Selin and I share a 4 square foot room off our lovely host Pahrvati’s house. We have 2 gas rings to cook on but we have no idea how we’ll finish the enormous bag of rice they’ve given us within the year (especially as it’s probably meant to last a week). Thankfully we are not a 6 hour walk from school (as promised by Project Trust) rather school is 10m from our beds. *PrOJecT tRuSt liEs* 

The week’s been interesting…

We immediately began teaching Monday without a curriculum or lesson plans. We have both already learnt a lot – especially in our afternoon classes (Selin has 2 hours with 3-4 year olds and I have it with 5-6 year olds). There is a very fine balance between keeping kids engaged, not too hyper, not throwing bags at each other, not climbing the rafters, not pulling our trousers down and actually in the classroom – let alone teaching them any English (when some don’t speak Nepali). Our morning classes are better as the kids are a bit older and can engage more easily with the work. The whole community’s extremely friendly (we had about 6 people at one point trying to help us make our sim cards work to contact home). 

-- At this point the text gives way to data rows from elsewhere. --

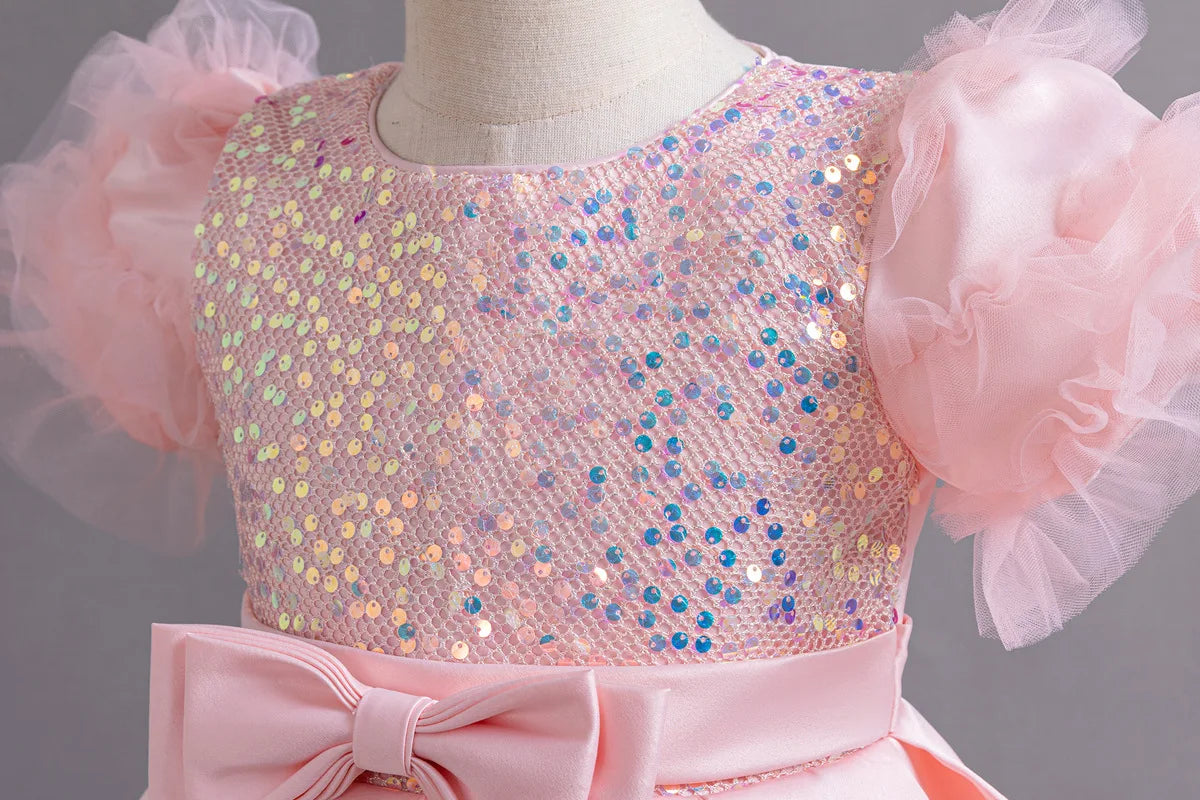 Hetiso Mädchen Pailletten Prinzessin Kleid flauschige Tutu Ärmel Geburtstags feier Leistung Hochzeit Ballkleid Kinder Kleider 3 6 8 10 Jahre.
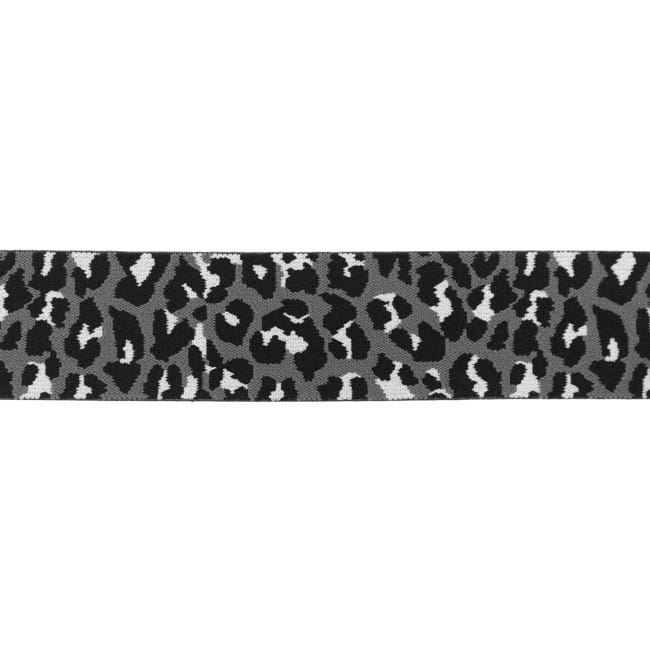 Gummiband 40mm mit Leopardenmuster - dunkelgrau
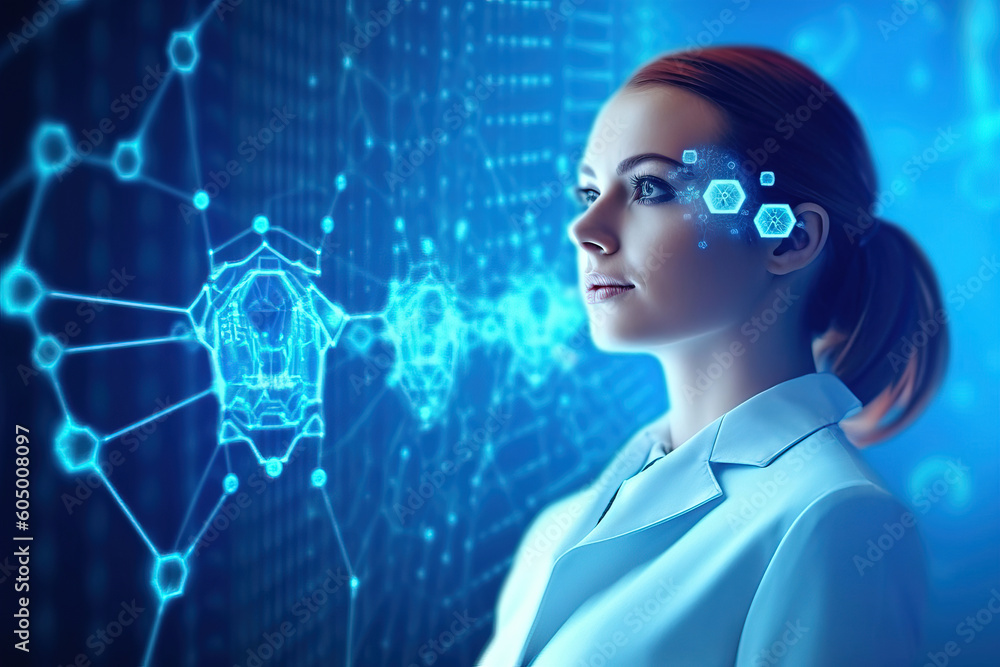 female doctor watching holographic conceptual images with blue background female doctor watching holographic conceptual images with blue background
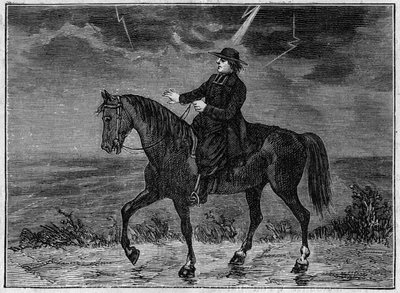 Een priester opgeblazen op zijn paard door French School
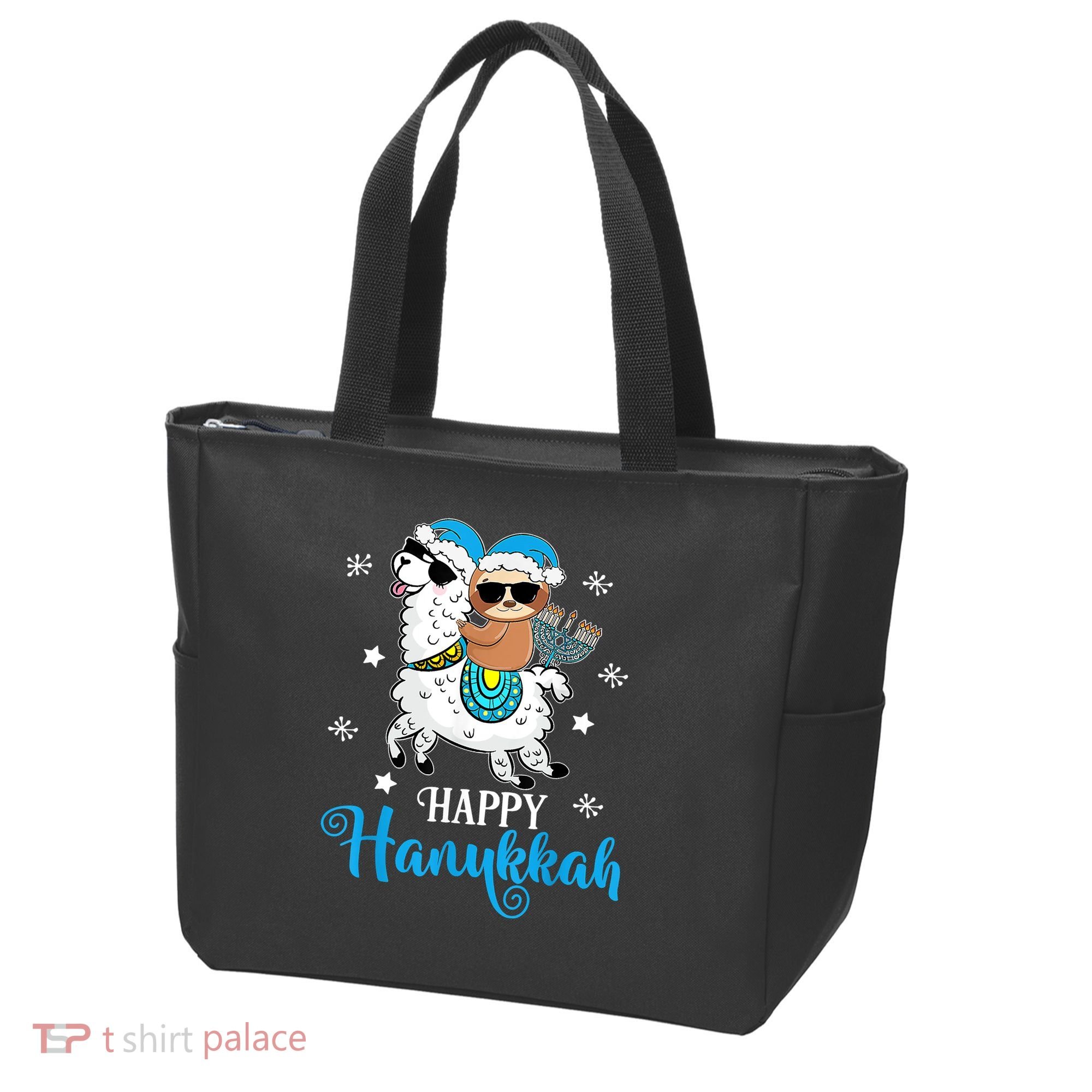 Hanukkah Llamakah Llama Sloth Happy Hanukkah Chanukah Tote Bag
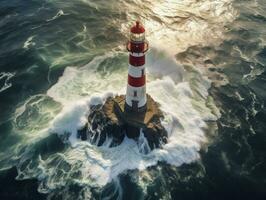 faro en pequeño isla en el mar a soleado día en verano. aéreo parte superior ver de hermosa faro en el roca, claro azur agua, ai generado foto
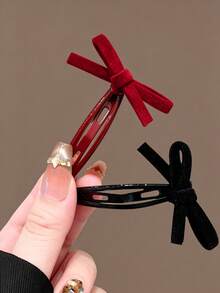 5pcs Girls Autumn/Winter Bow Hair Clips, Versatile Daily Children Hair Accessories, Non-Damaging Hair Clips - Multicolor - View 5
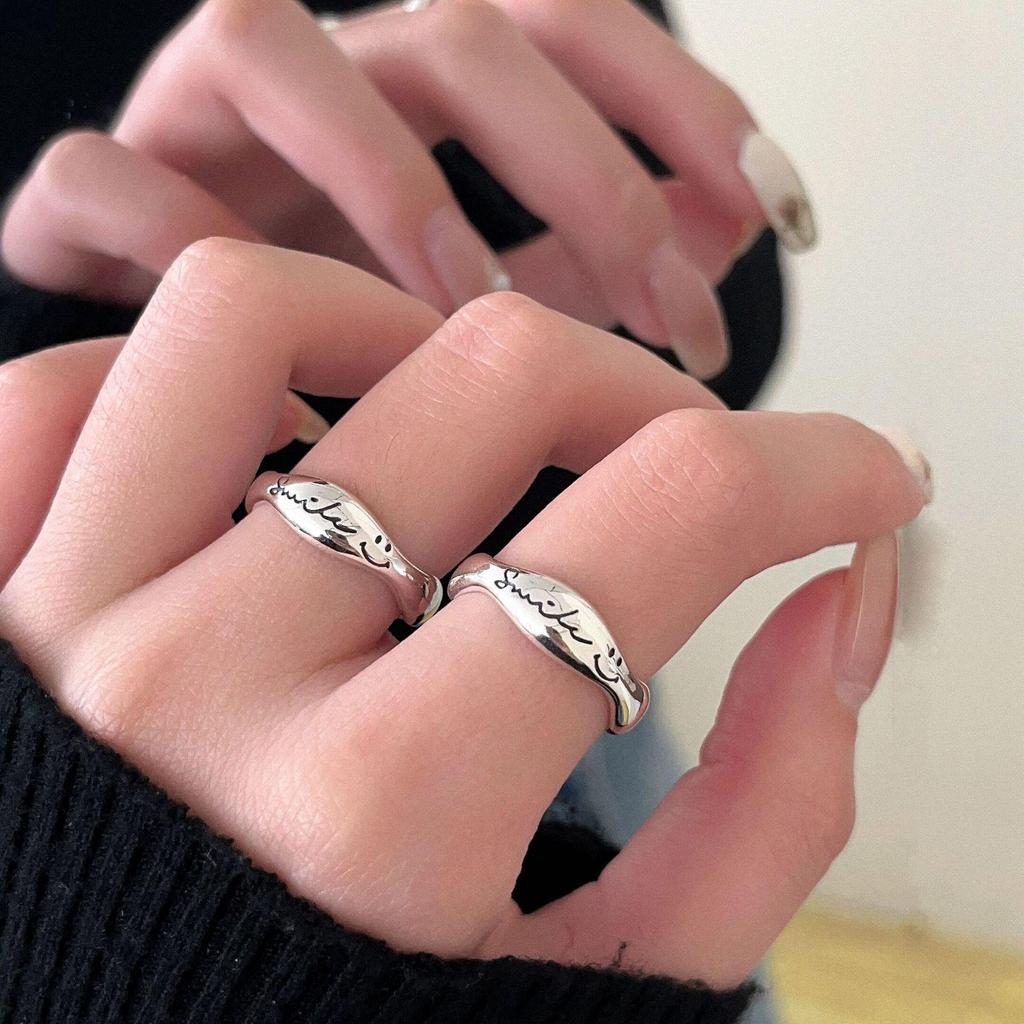 Prsten s usměvavým obličejem v korejském stylu pro ženy - ryzí stříbro S925, vynikající, jednoduchý, špičkový, všestranný, perfektní dárek pro nejlepší přítelkyni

Extended family is all the rage here. On Wednesday night we went for dinner at one of our teachers homes (as Pahrvati was out) and found he lived with half the kids from school and half the adults we’d already met. The foods amazing however locals laugh at us using our hands and we can only eat about 1/4 of the portions of rice but we’ll learn (rice belly pending). That being said, it would be fair to say the food is not totally agreeing with us and this has definitely been a form of partner bonding…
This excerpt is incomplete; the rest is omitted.